## Problem to work on:
Which lines run from the one containing "Living Room in" through the end of the data? Write them out exactly, with the pictures left out.

## Provided records:
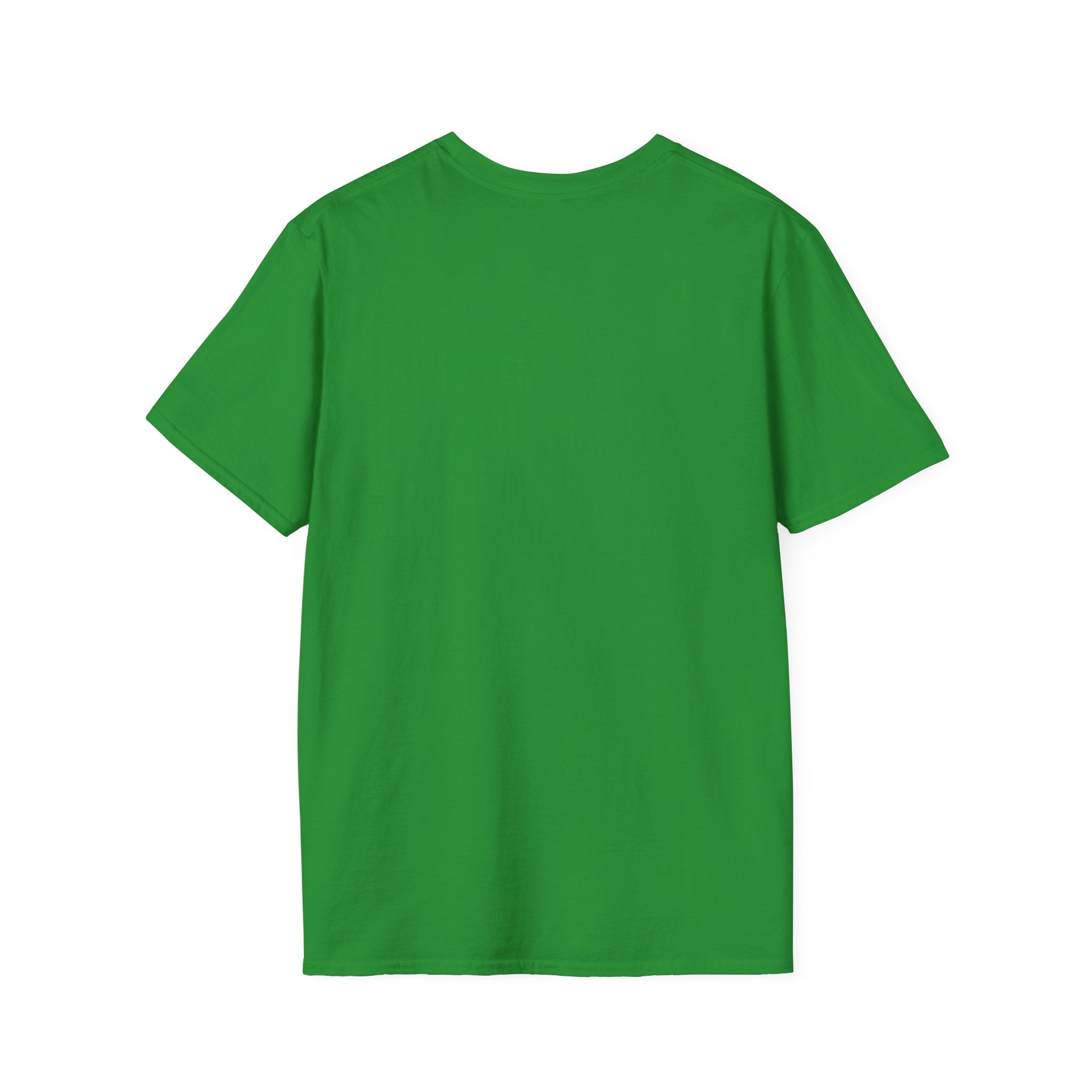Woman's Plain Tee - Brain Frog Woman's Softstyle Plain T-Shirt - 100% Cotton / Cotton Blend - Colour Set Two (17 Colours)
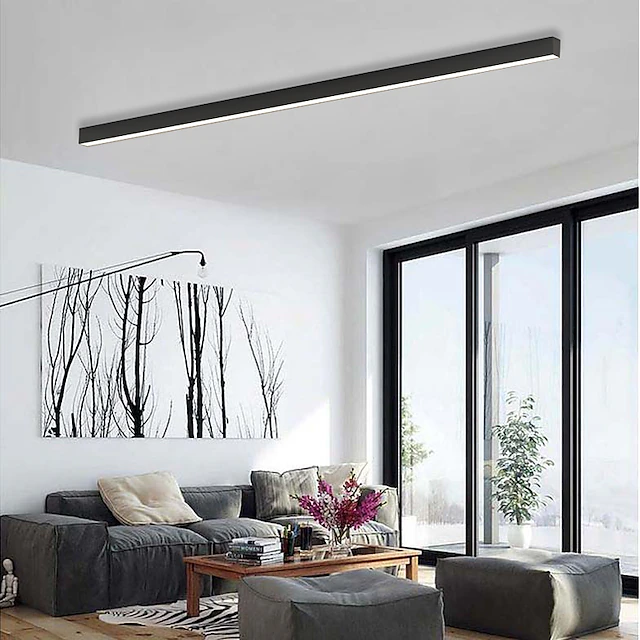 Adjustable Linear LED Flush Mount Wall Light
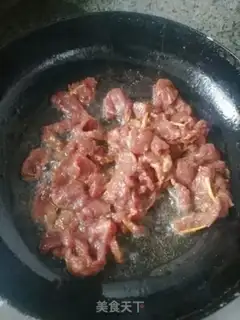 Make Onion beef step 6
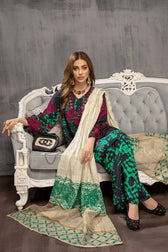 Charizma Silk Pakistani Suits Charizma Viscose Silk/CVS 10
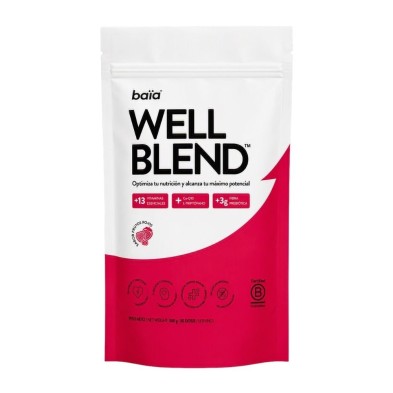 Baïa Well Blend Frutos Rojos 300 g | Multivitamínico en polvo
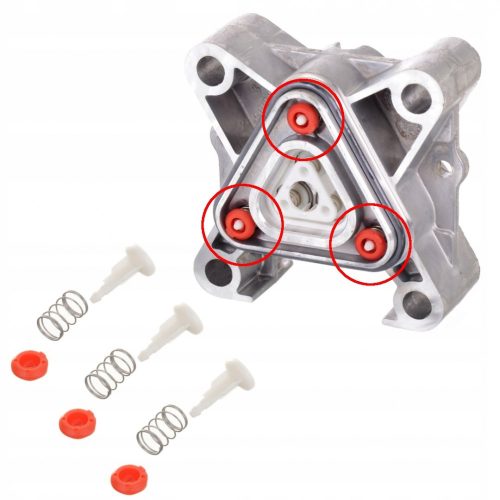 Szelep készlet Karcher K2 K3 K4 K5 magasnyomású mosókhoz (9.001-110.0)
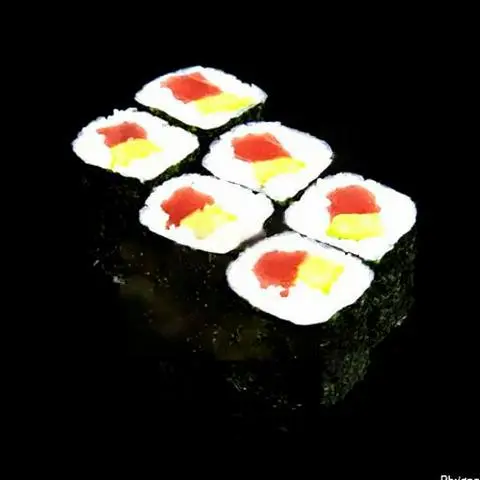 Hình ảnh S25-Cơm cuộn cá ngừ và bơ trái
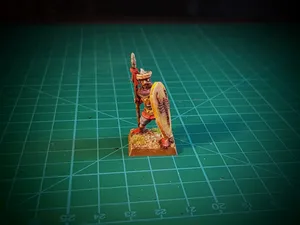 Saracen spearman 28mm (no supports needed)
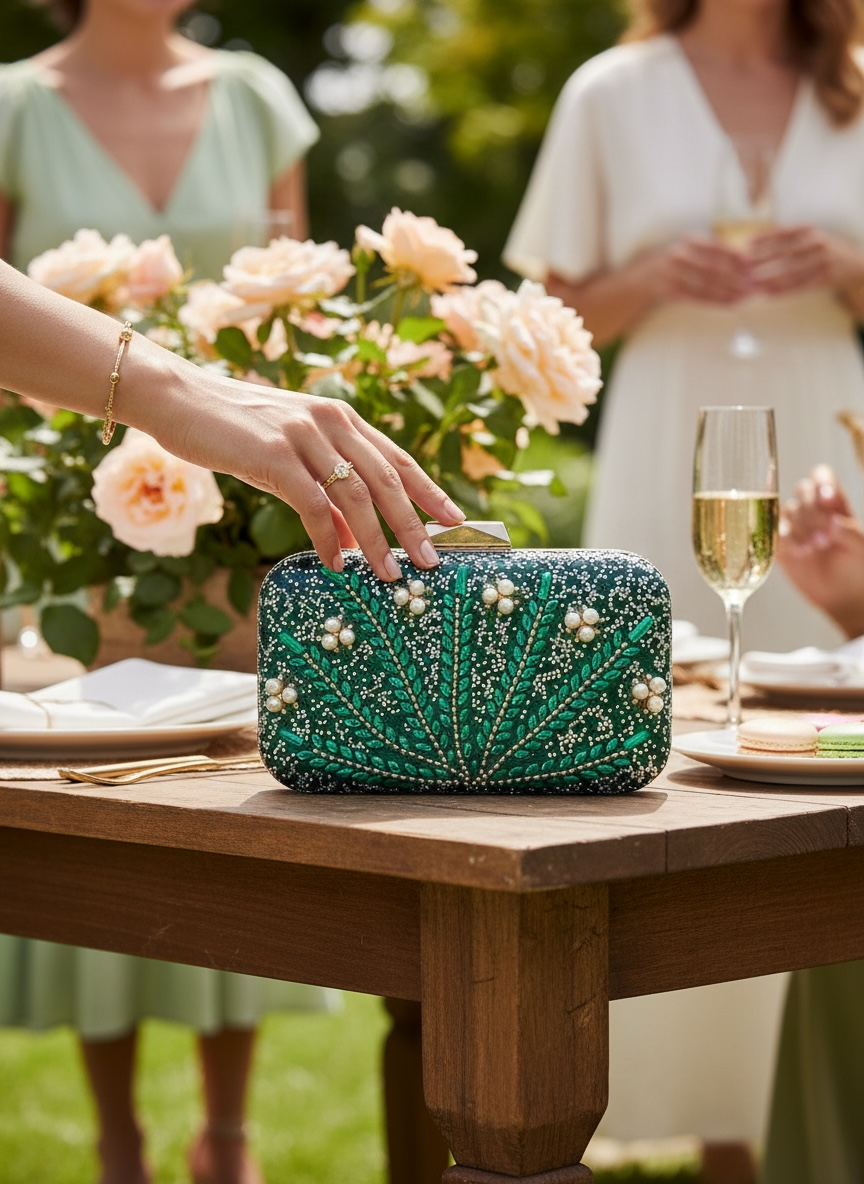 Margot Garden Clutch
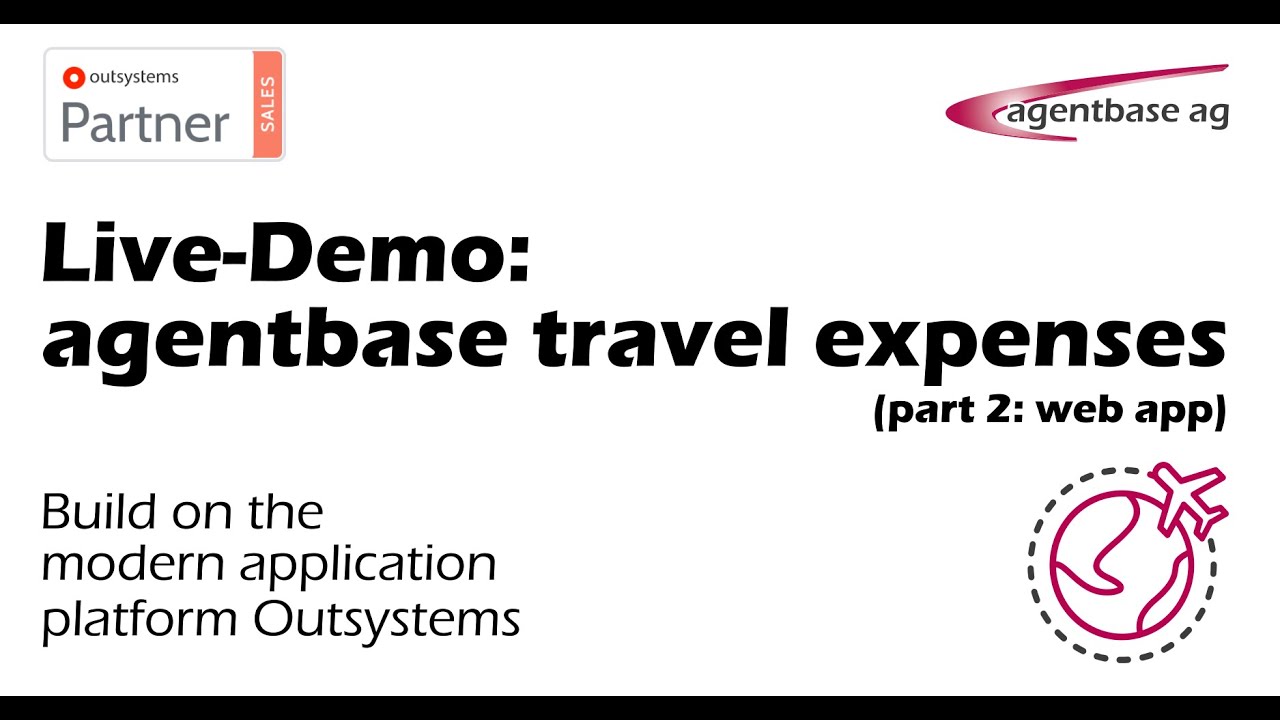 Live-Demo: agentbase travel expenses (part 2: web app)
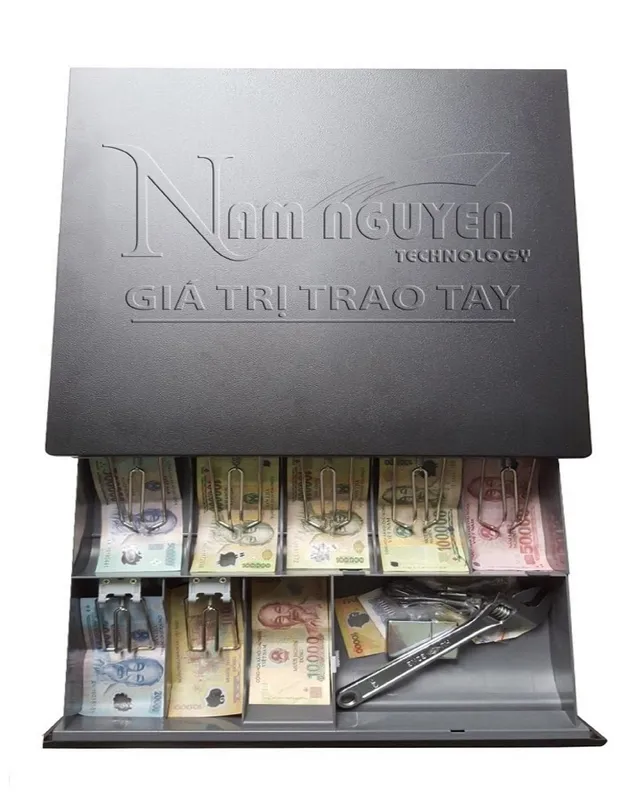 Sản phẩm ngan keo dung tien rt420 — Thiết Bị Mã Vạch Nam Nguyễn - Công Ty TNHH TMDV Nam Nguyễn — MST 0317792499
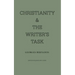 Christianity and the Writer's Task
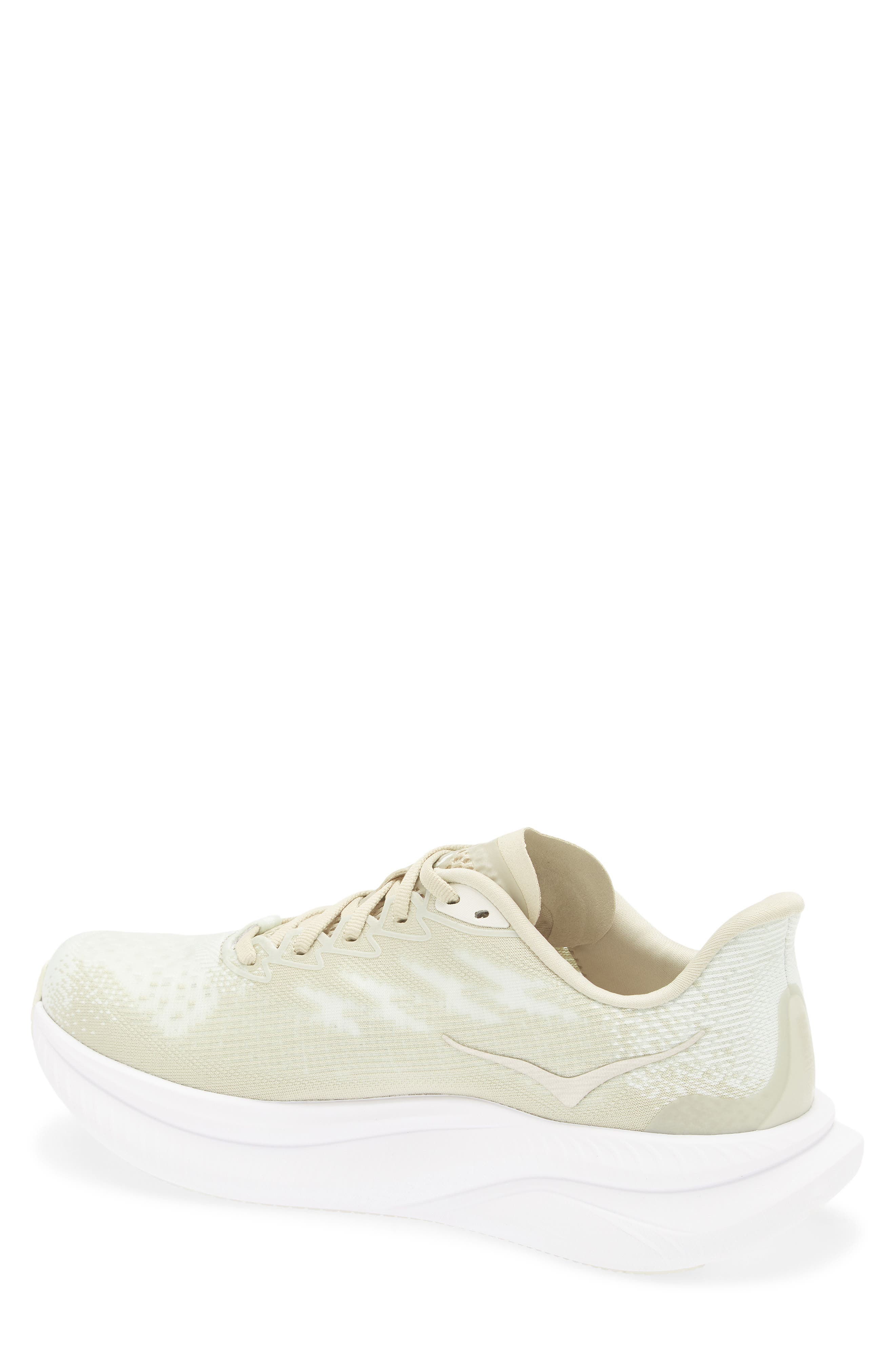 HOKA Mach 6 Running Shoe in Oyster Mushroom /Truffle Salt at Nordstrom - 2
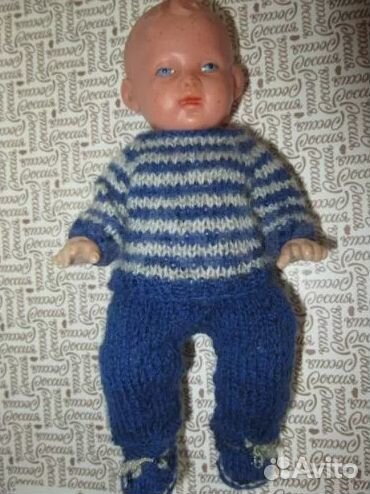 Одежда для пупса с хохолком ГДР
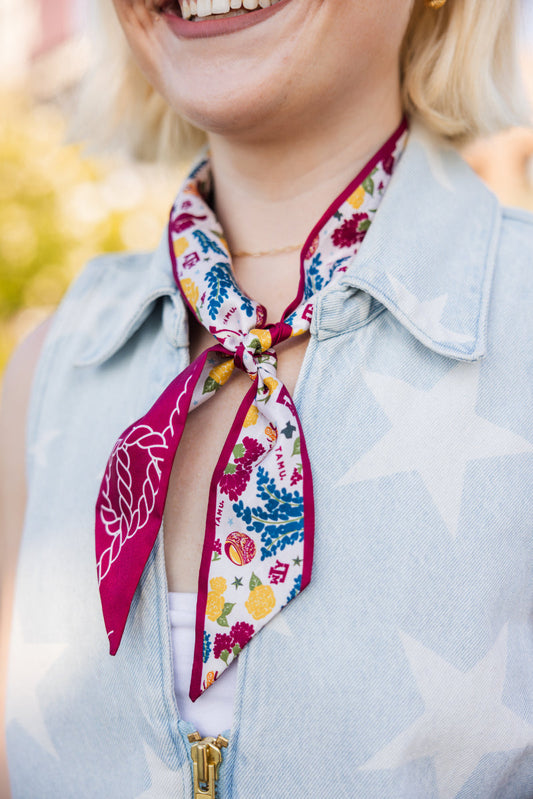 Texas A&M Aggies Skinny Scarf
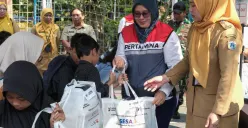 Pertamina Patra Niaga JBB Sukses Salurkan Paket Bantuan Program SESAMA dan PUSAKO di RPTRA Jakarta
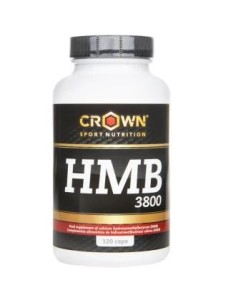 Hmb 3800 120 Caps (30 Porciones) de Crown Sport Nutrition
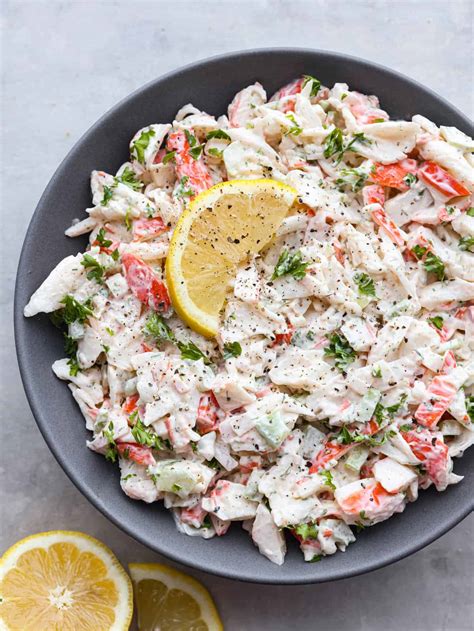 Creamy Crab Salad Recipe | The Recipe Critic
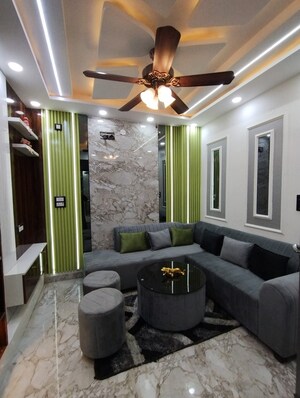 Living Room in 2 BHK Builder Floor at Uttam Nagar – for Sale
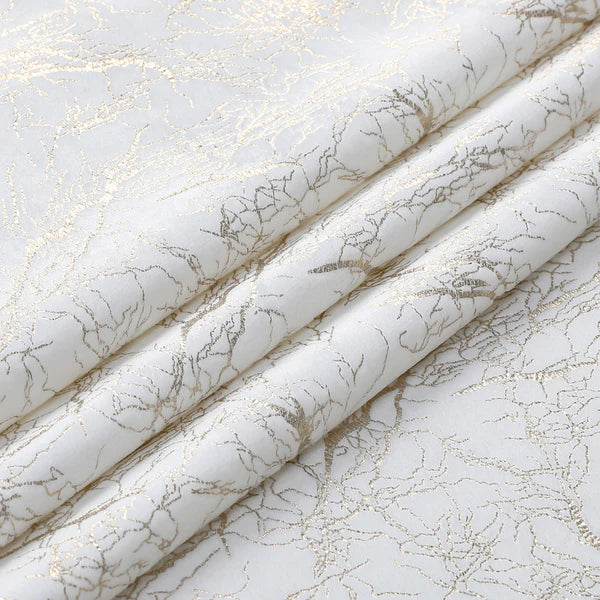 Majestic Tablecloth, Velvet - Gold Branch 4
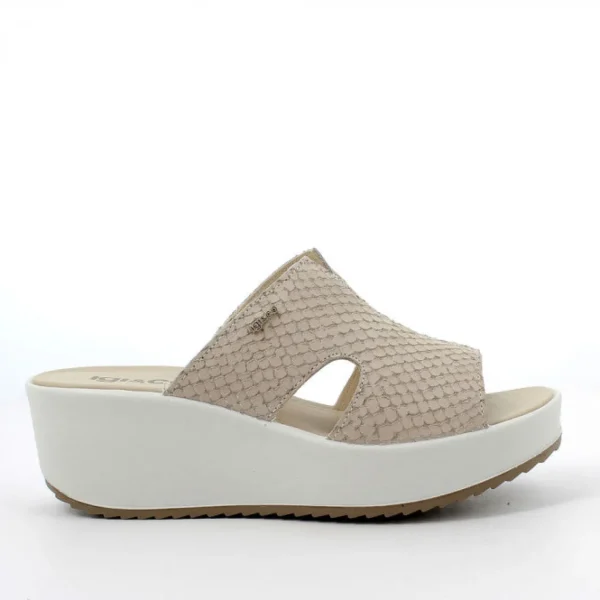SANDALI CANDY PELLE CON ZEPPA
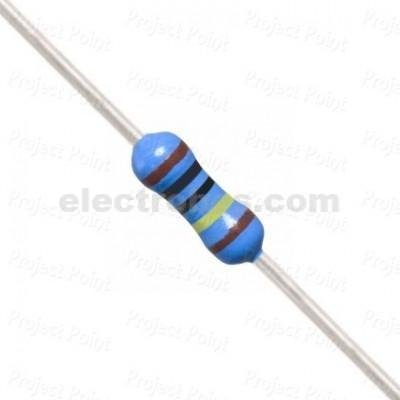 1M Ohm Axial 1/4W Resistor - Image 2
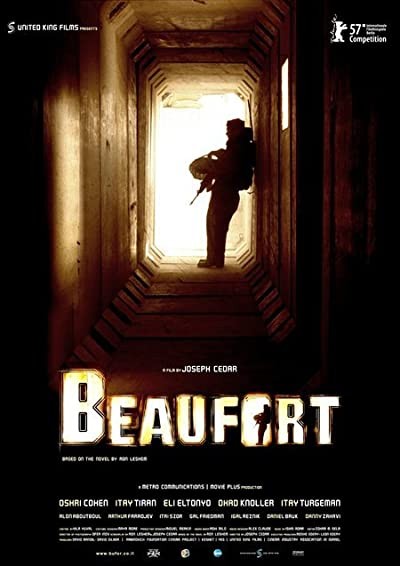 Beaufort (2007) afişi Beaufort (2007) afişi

## Written response:
 Living Room in 2 BHK Builder Floor at Uttam Nagar – for Sale
 Majestic Tablecloth, Velvet - Gold Branch 4
SANDALI CANDY PELLE CON ZEPPA
 1M Ohm Axial 1/4W Resistor - Image 2
 Beaufort (2007) afişi Beaufort (2007) afişi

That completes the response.